Oui, les humains cherchent, sans même le savoir parfois, la lumière qui leur permettra de tracer un chemin de vie. Certains la trouvent dans le flambeau de la raison; d’autres dans l’art ou la nature; d’autres encore, il y 2000 ans, ont mis leurs pas sur le chemin tracé par un homme, Jésus (les premiers disciples, on l’oublie souvent, s’appelaient eux-mêmes "les adeptes de la voie"…). Pour eux, c’était lui la lumière qui rend sauf du danger de se perdre, d’être un "mort-vivant". Il était, lui, tellement vivant que même la mort n’a pu le retenir dans ses griffes. Et c’est pour cela que les premiers chrétiens se sont approprié la grande fête romaine du Sol invinctus (le Soleil jamais vaincu) au solstice d’hiver, pour célébrer la venue de celui qui leur ouvrait toutes grandes les portes de l’espérance d’un monde réconcilié, fraternel et juste.

Les récits - qui ne prétendent pas à l’historicité - parlent de savants étrangers qui suivirent une étoile, sans trop savoir où elle les mènerait, et qui découvrirent, émerveillés, que le miracle de la vie et tout ce que l’on peut savoir de Dieu est tout entier contenu en une chair de nouveau-né, fragile et désarmée. Que le salut - ce qui nous rend saufs de la destruction - n’est pas à chercher du côté des pouvoirs établis, mais germe dans ce qui est petit, ignoré de ceux qui prétendent tout savoir.

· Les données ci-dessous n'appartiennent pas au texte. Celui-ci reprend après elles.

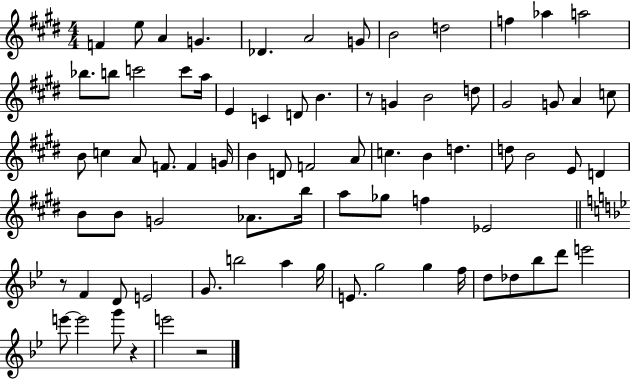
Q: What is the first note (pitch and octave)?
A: F4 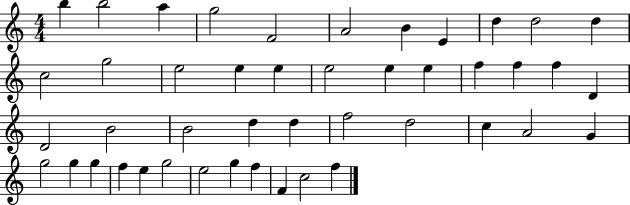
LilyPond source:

{
  \clef treble
  \numericTimeSignature
  \time 4/4
  \key c \major
  b''4 b''2 a''4 | g''2 f'2 | a'2 b'4 e'4 | d''4 d''2 d''4 | \break c''2 g''2 | e''2 e''4 e''4 | e''2 e''4 e''4 | f''4 f''4 f''4 d'4 | \break d'2 b'2 | b'2 d''4 d''4 | f''2 d''2 | c''4 a'2 g'4 | \break g''2 g''4 g''4 | f''4 e''4 g''2 | e''2 g''4 f''4 | f'4 c''2 f''4 | \break \bar "|."
} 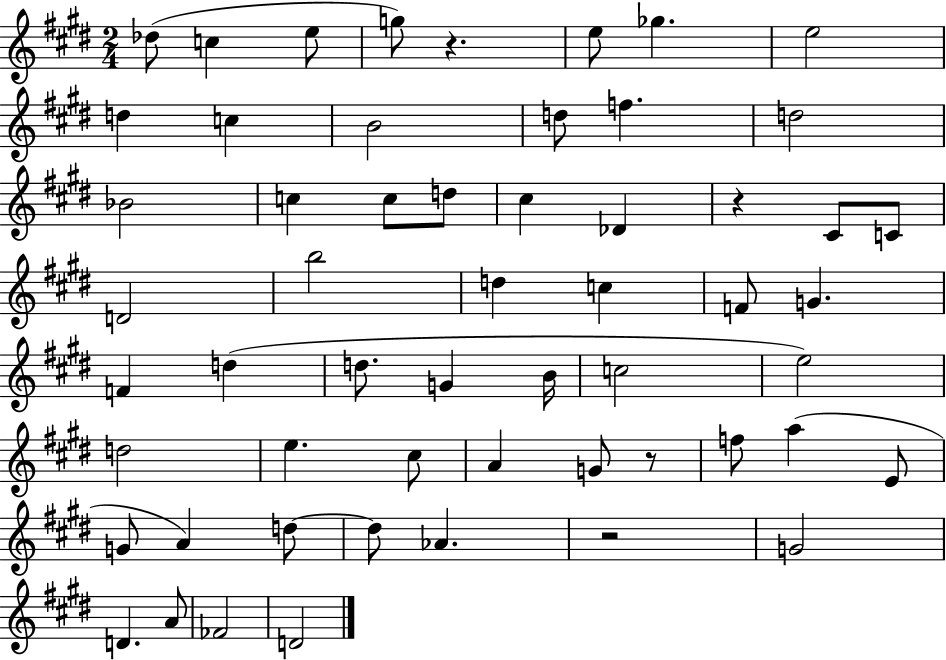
{
  \clef treble
  \numericTimeSignature
  \time 2/4
  \key e \major
  \repeat volta 2 { des''8( c''4 e''8 | g''8) r4. | e''8 ges''4. | e''2 | \break d''4 c''4 | b'2 | d''8 f''4. | d''2 | \break bes'2 | c''4 c''8 d''8 | cis''4 des'4 | r4 cis'8 c'8 | \break d'2 | b''2 | d''4 c''4 | f'8 g'4. | \break f'4 d''4( | d''8. g'4 b'16 | c''2 | e''2) | \break d''2 | e''4. cis''8 | a'4 g'8 r8 | f''8 a''4( e'8 | \break g'8 a'4) d''8~~ | d''8 aes'4. | r2 | g'2 | \break d'4. a'8 | fes'2 | d'2 | } \bar "|."
} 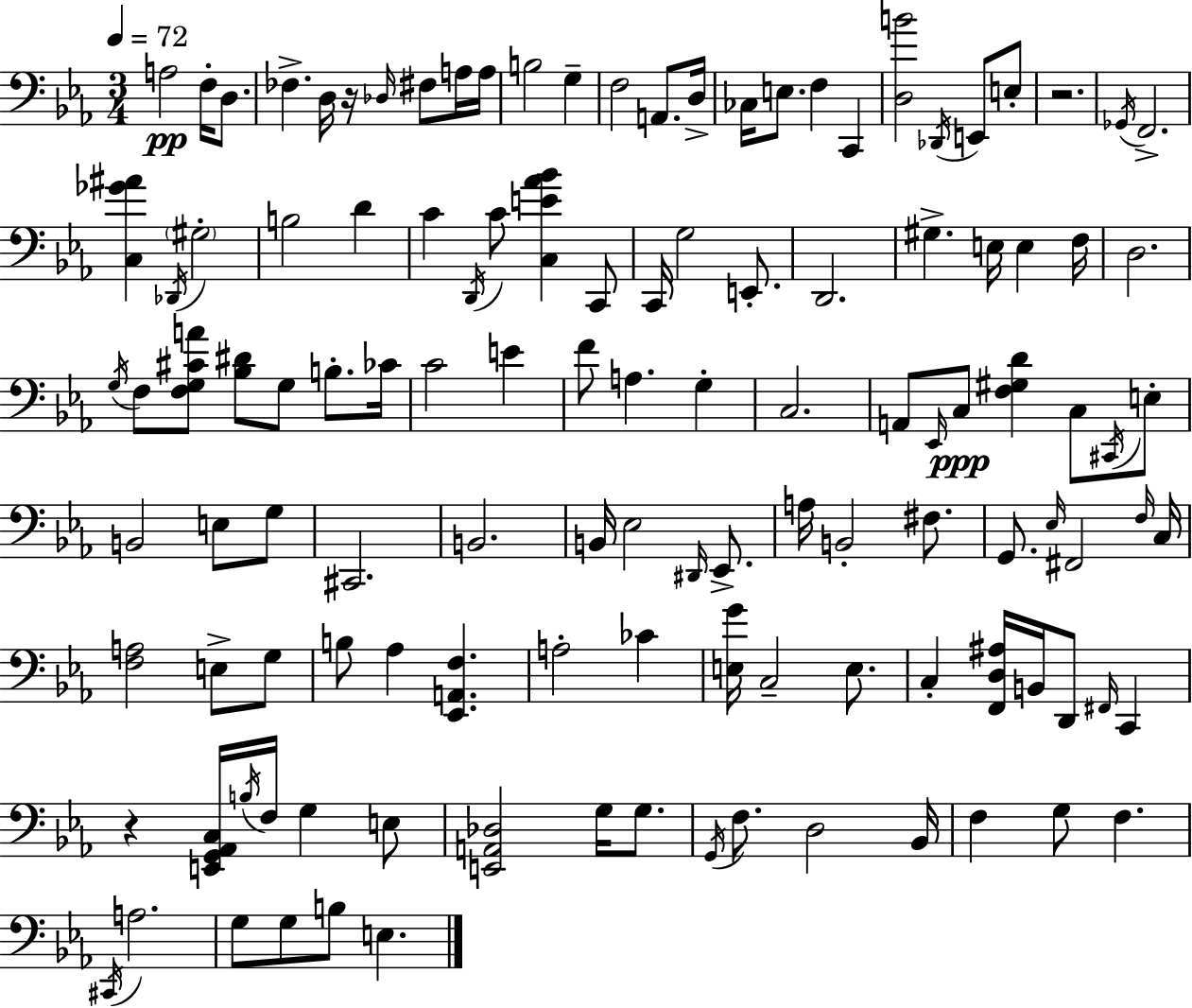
{
  \clef bass
  \numericTimeSignature
  \time 3/4
  \key ees \major
  \tempo 4 = 72
  a2\pp f16-. d8. | fes4.-> d16 r16 \grace { des16 } fis8 a16 | a16 b2 g4-- | f2 a,8. | \break d16-> ces16 e8. f4 c,4 | <d b'>2 \acciaccatura { des,16 } e,8 | e8-. r2. | \acciaccatura { ges,16 } f,2.-> | \break <c ges' ais'>4 \acciaccatura { des,16 } \parenthesize gis2-. | b2 | d'4 c'4 \acciaccatura { d,16 } c'8 <c e' aes' bes'>4 | c,8 c,16 g2 | \break e,8.-. d,2. | gis4.-> e16 | e4 f16 d2. | \acciaccatura { g16 } f8 <f g cis' a'>8 <bes dis'>8 | \break g8 b8.-. ces'16 c'2 | e'4 f'8 a4. | g4-. c2. | a,8 \grace { ees,16 } c8\ppp <f gis d'>4 | \break c8 \acciaccatura { cis,16 } e8-. b,2 | e8 g8 cis,2. | b,2. | b,16 ees2 | \break \grace { dis,16 } ees,8.-> a16 b,2-. | fis8. g,8. | \grace { ees16 } fis,2 \grace { f16 } c16 <f a>2 | e8-> g8 b8 | \break aes4 <ees, a, f>4. a2-. | ces'4 <e g'>16 | c2-- e8. c4-. | <f, d ais>16 b,16 d,8 \grace { fis,16 } c,4 | \break r4 <e, g, aes, c>16 \acciaccatura { b16 } f16 g4 e8 | <e, a, des>2 g16 g8. | \acciaccatura { g,16 } f8. d2 | bes,16 f4 g8 f4. | \break \acciaccatura { cis,16 } a2. | g8 g8 b8 e4. | \bar "|."
} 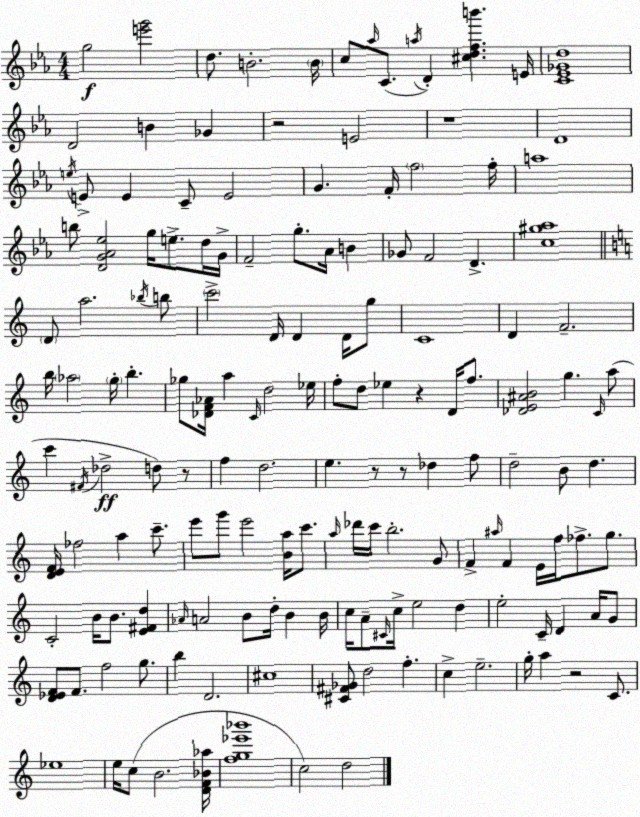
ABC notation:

X:1
T:Untitled
M:4/4
L:1/4
K:Cm
g2 [e'g']2 d/2 B2 B/4 c/2 _a/4 C/2 a/4 D [^cdfb'] E/4 [C_E_Gd]4 D2 B _G z2 E2 z4 D4 e/4 E/2 E C/2 E2 G F/4 f2 f/4 a4 b/2 [DG_A_e]2 g/4 e/2 d/4 G/4 F2 g/2 _A/4 B _G/2 F2 D [c^g_a]4 D/2 a2 _b/4 b/2 c'2 D/4 D D/4 g/2 C4 D F2 b/4 _a2 g/4 b _g/2 [_DF_A]/4 a C/4 d2 _e/4 f/2 d/2 _e z D/4 f/2 [_DE^AB]2 g C/4 a/2 c' ^F/4 _d2 d/2 z/2 f d2 e z/2 z/2 _d f/2 d2 B/2 d [DEF]/4 _f2 a c'/2 e'/2 g'/2 e'2 [Ba]/4 c'/2 a/4 _d'/4 c'/4 b2 G/2 F ^a/4 F E/4 f/4 _f/2 g/2 C2 B/4 B/2 [E^Fd] _A/4 A2 B/2 d/4 B B/4 c/4 A/2 ^C/4 c/4 e2 d e2 C/4 D A/4 G/2 [D_EF]/2 F/2 f2 g/2 b D2 ^c4 [^C^F_G]/2 d2 f c e2 g/4 a z2 C/2 _e4 e/4 c/2 B2 [DF_B_a]/4 [fg_e'_b']4 c2 d2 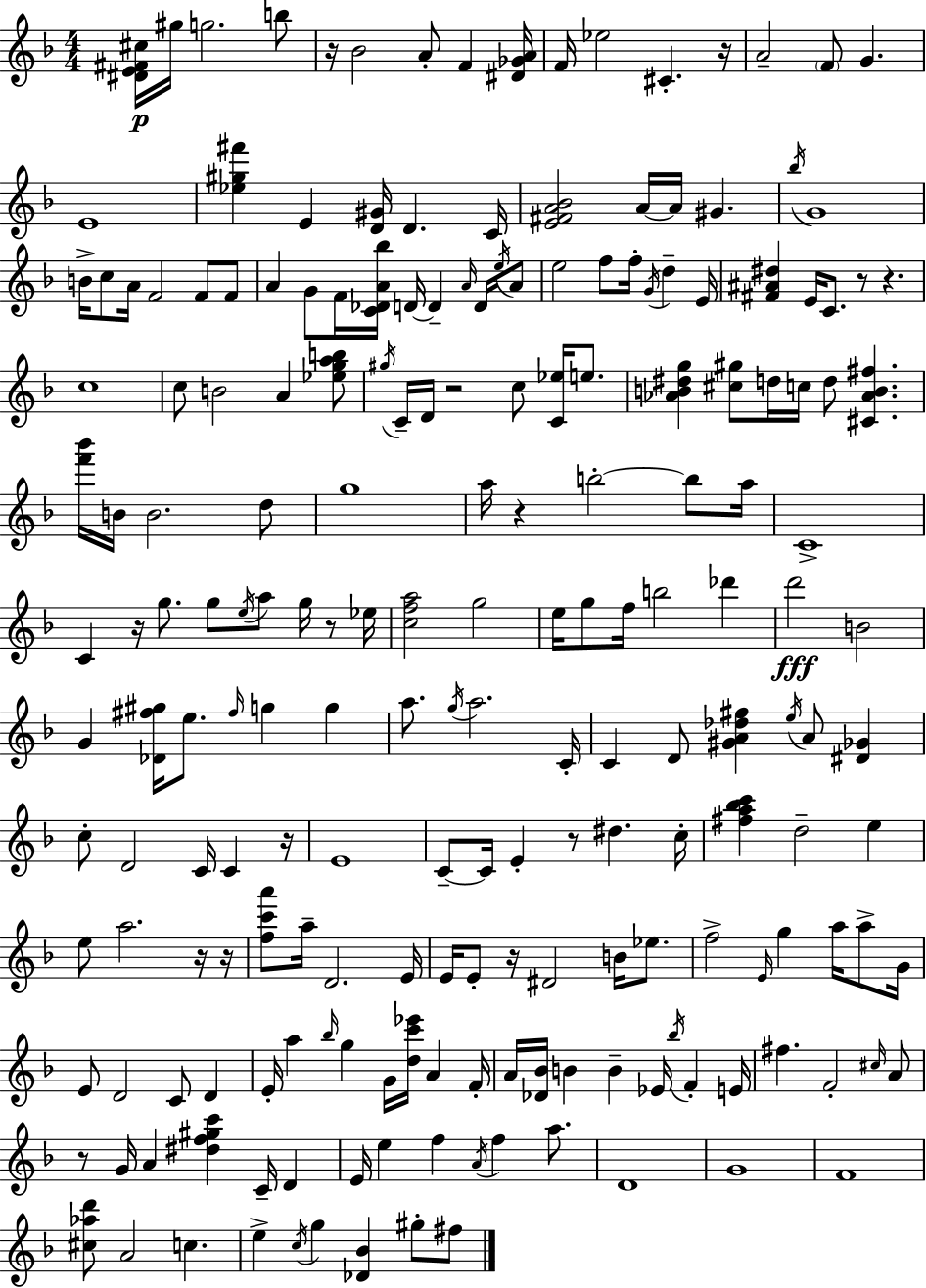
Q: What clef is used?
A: treble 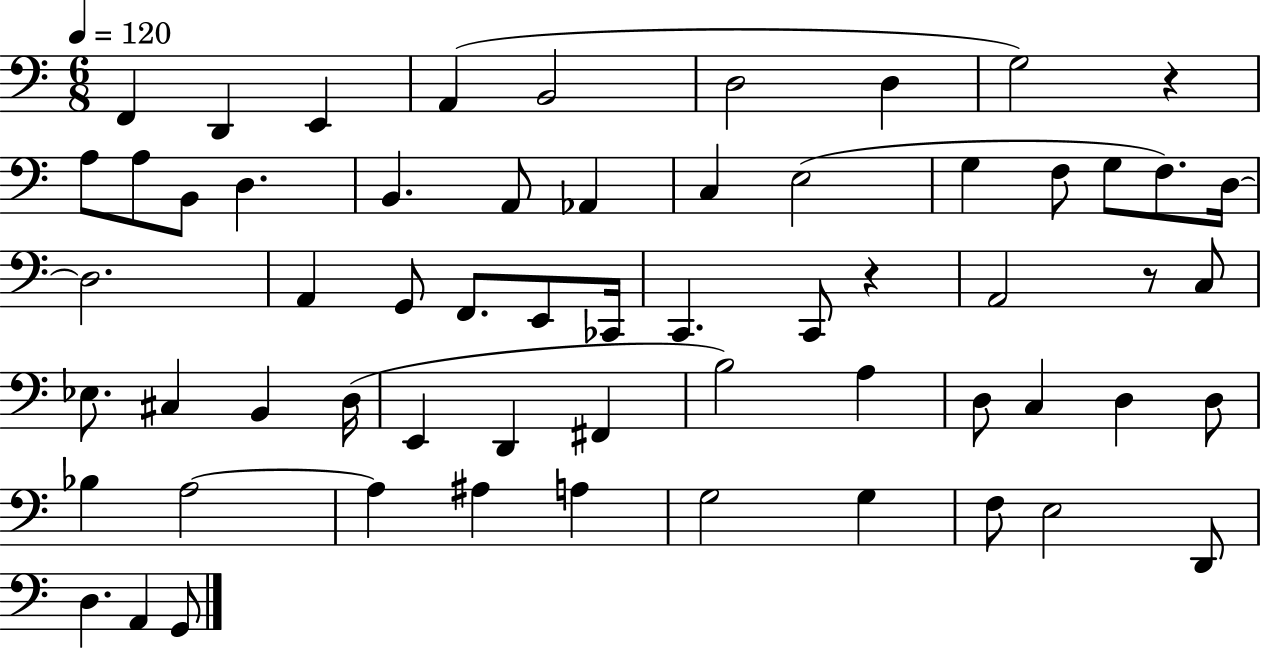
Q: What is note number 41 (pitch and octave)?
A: A3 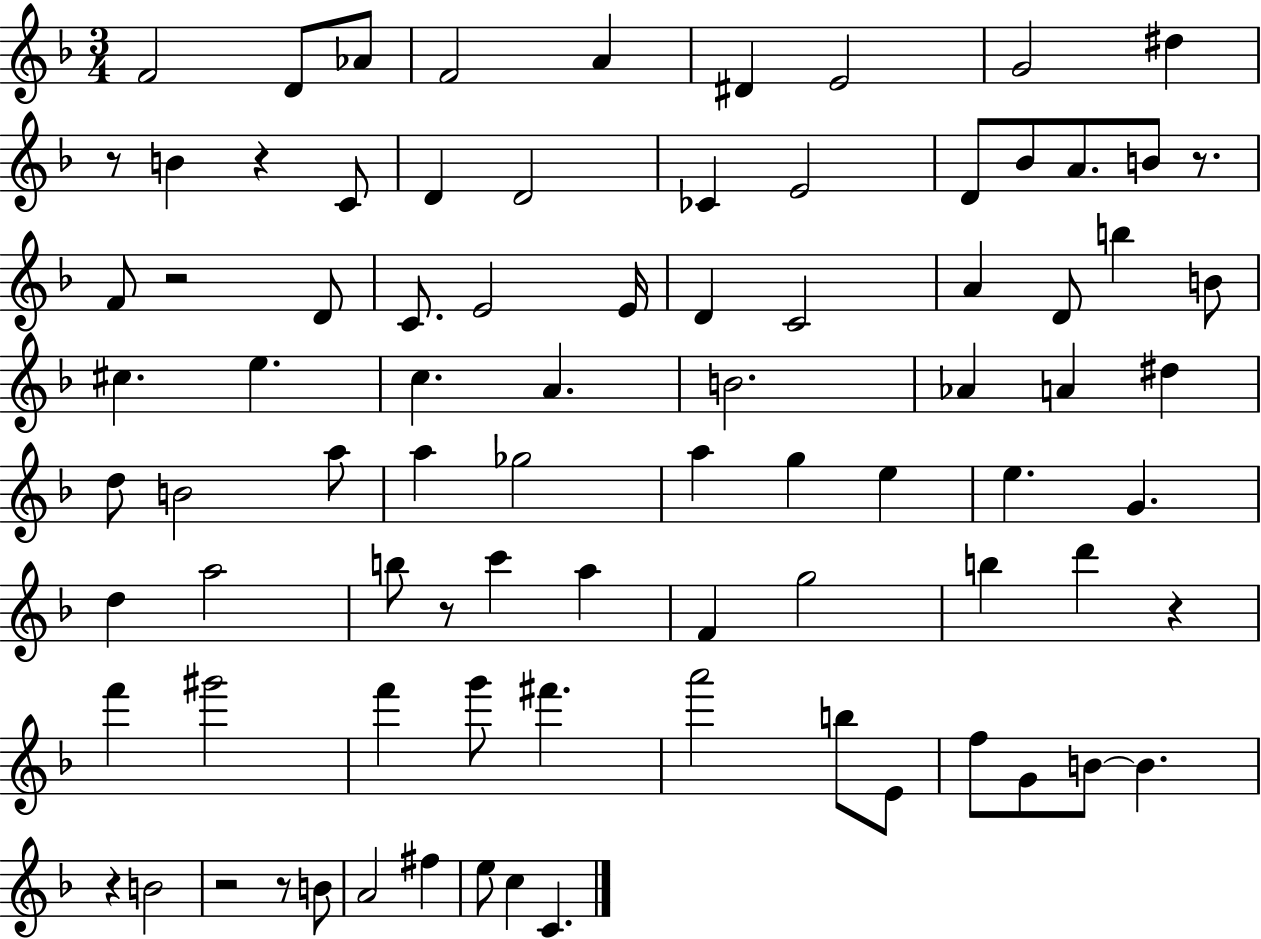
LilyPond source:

{
  \clef treble
  \numericTimeSignature
  \time 3/4
  \key f \major
  f'2 d'8 aes'8 | f'2 a'4 | dis'4 e'2 | g'2 dis''4 | \break r8 b'4 r4 c'8 | d'4 d'2 | ces'4 e'2 | d'8 bes'8 a'8. b'8 r8. | \break f'8 r2 d'8 | c'8. e'2 e'16 | d'4 c'2 | a'4 d'8 b''4 b'8 | \break cis''4. e''4. | c''4. a'4. | b'2. | aes'4 a'4 dis''4 | \break d''8 b'2 a''8 | a''4 ges''2 | a''4 g''4 e''4 | e''4. g'4. | \break d''4 a''2 | b''8 r8 c'''4 a''4 | f'4 g''2 | b''4 d'''4 r4 | \break f'''4 gis'''2 | f'''4 g'''8 fis'''4. | a'''2 b''8 e'8 | f''8 g'8 b'8~~ b'4. | \break r4 b'2 | r2 r8 b'8 | a'2 fis''4 | e''8 c''4 c'4. | \break \bar "|."
}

Ami-es lectrices et lecteurs, que vous soyez ou non disciples de cette Voie, quel que soit le nom que vous donnez à votre étoile, quelle que soit votre marche, puissions-nous, ensemble, célébrer la lumière qui nous accompagne. Et en être suffisamment habité-es pour l’offrir à celles et ceux qui en ont tant besoin - cadeau sans prix.

Belle et lumineuse fête de Noël, belle et lumineuse année 2018.